**Source data:**
┄┄┄┄┄┄┄┄┄┄┄┄┄┄┄┄┄┄┄┄
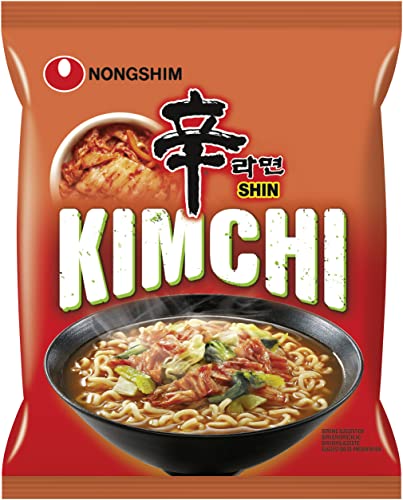 Nong Shim Instantnudeln Kimchi Ramyun – Koreanische Ramen Suppe - schnelle Zubereitung – 20er Vorteilspack à 120g von Nongshim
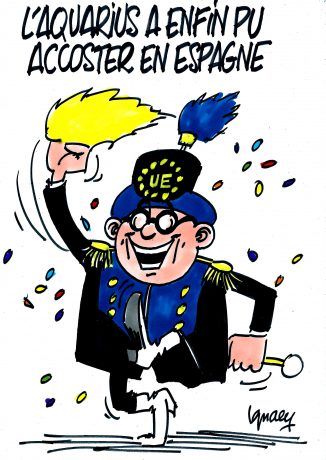 Ignace - L'Aquarius a enfin pu accoster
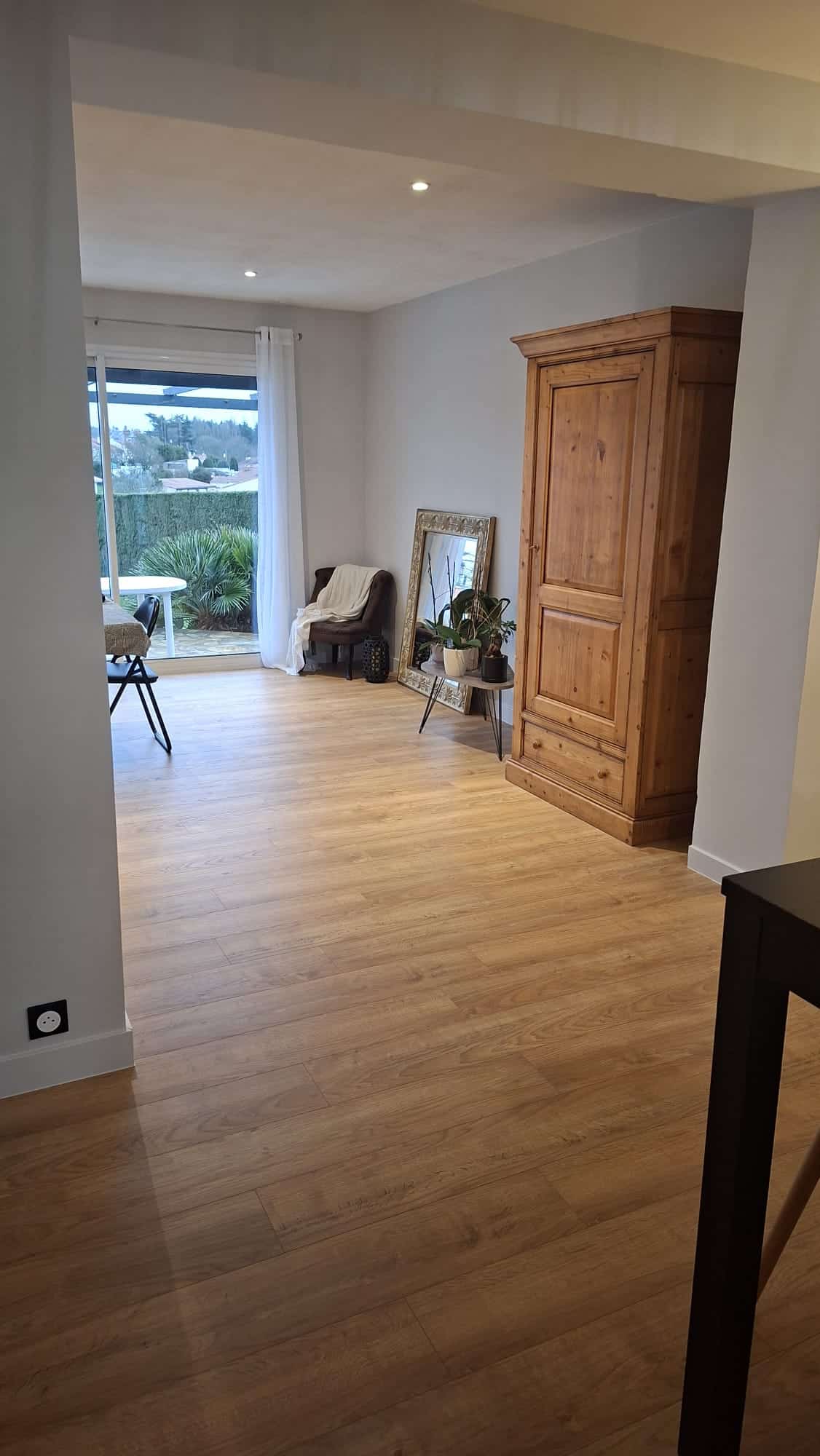 photo d'un parquet posé à Gétigné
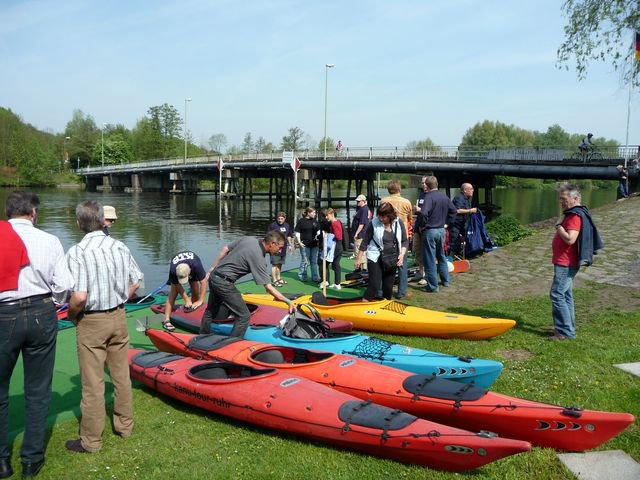 Eröffnung Kanu Tour Ruhr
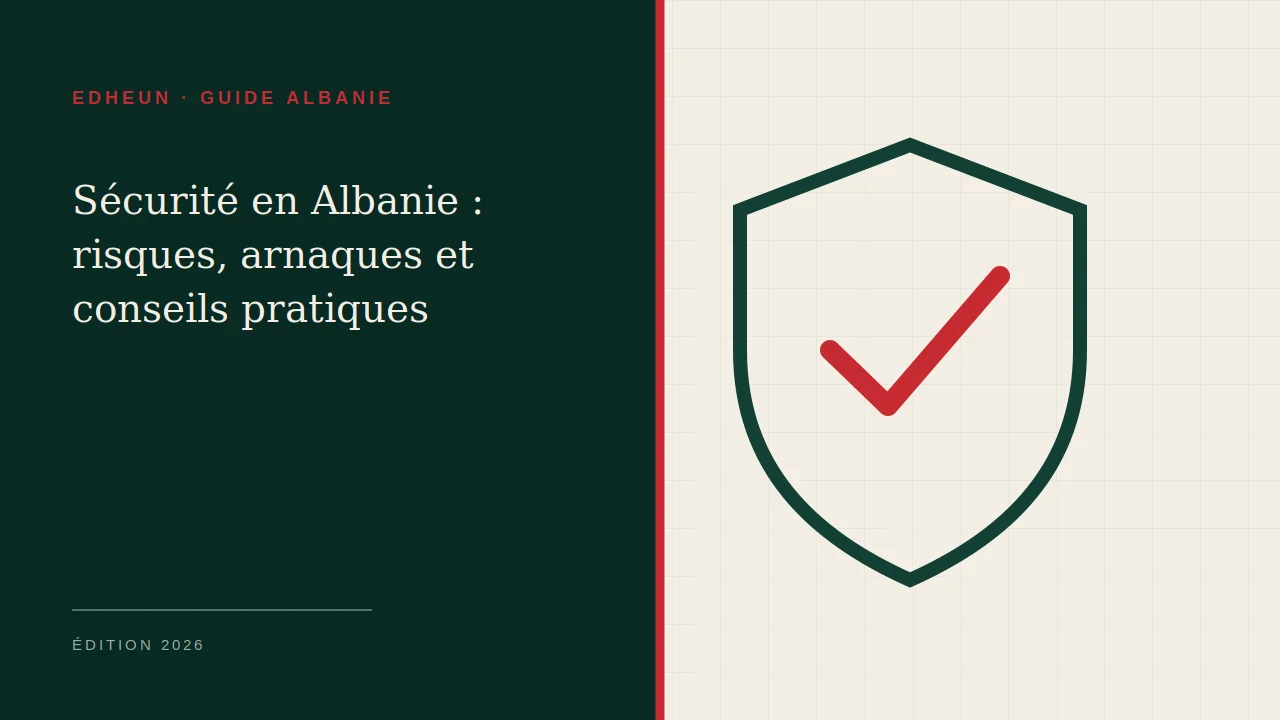 Illustration du guide Sécurité en Albanie : risques, arnaques et conseils pratiques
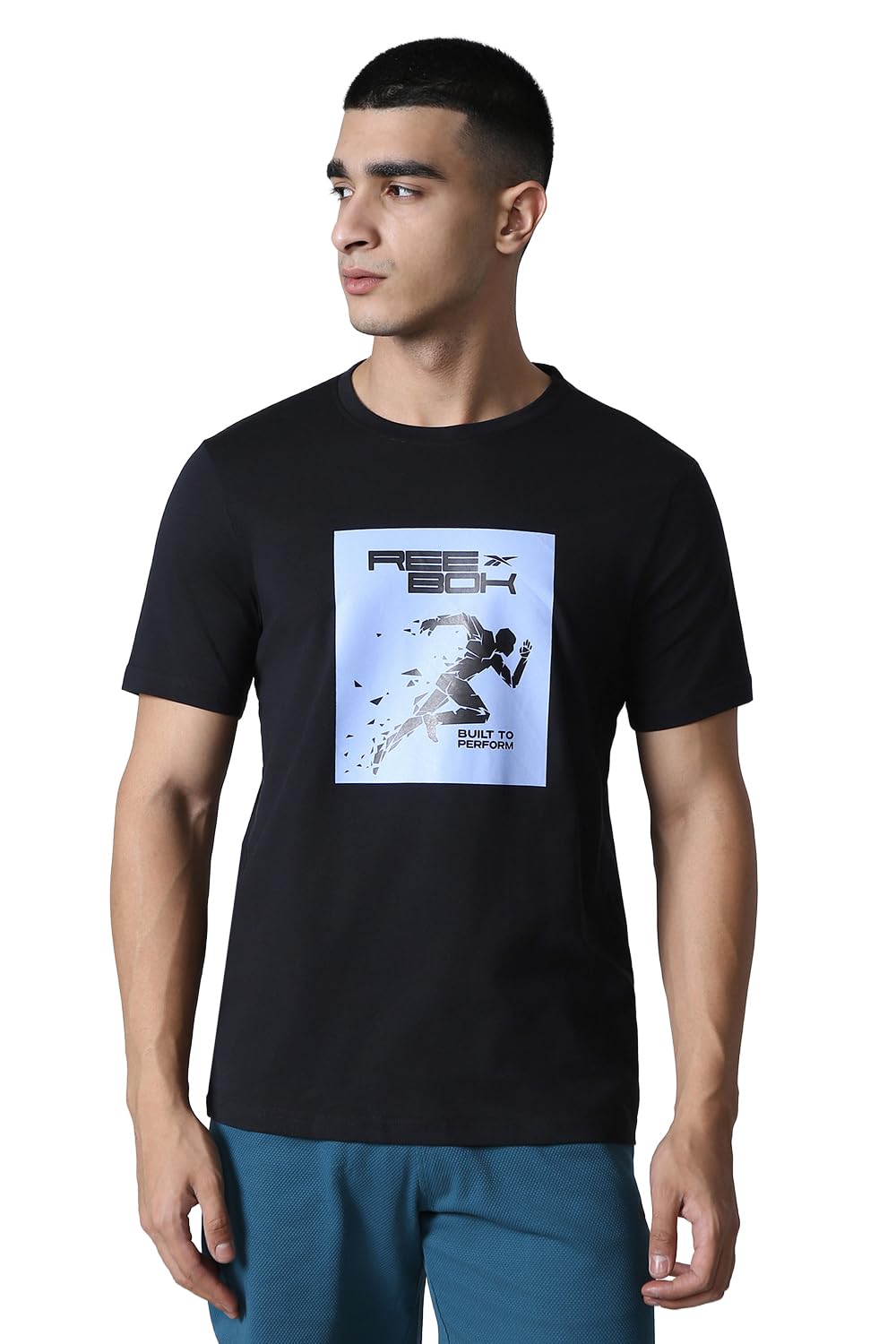 Reebok Men's T-Shirt |Casuals | Run Graphic Tee | Round Neck | Regular Fit | Half Sleeve | 93% Cotton 7% Lycra-picture-35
┄┄┄┄┄┄┄┄┄┄┄┄┄┄┄┄┄┄┄┄
**Task brief:**
Word for word and without pictures, please write out only the lines from the start of the entries through the line containing "Eröffnung Kanu Tour Ruhr", both included.

**Task output:**
 Nong Shim Instantnudeln Kimchi Ramyun – Koreanische Ramen Suppe - schnelle Zubereitung – 20er Vorteilspack à 120g von Nongshim
 Ignace - L'Aquarius a enfin pu accoster
 photo d'un parquet posé à Gétigné
 Eröffnung Kanu Tour Ruhr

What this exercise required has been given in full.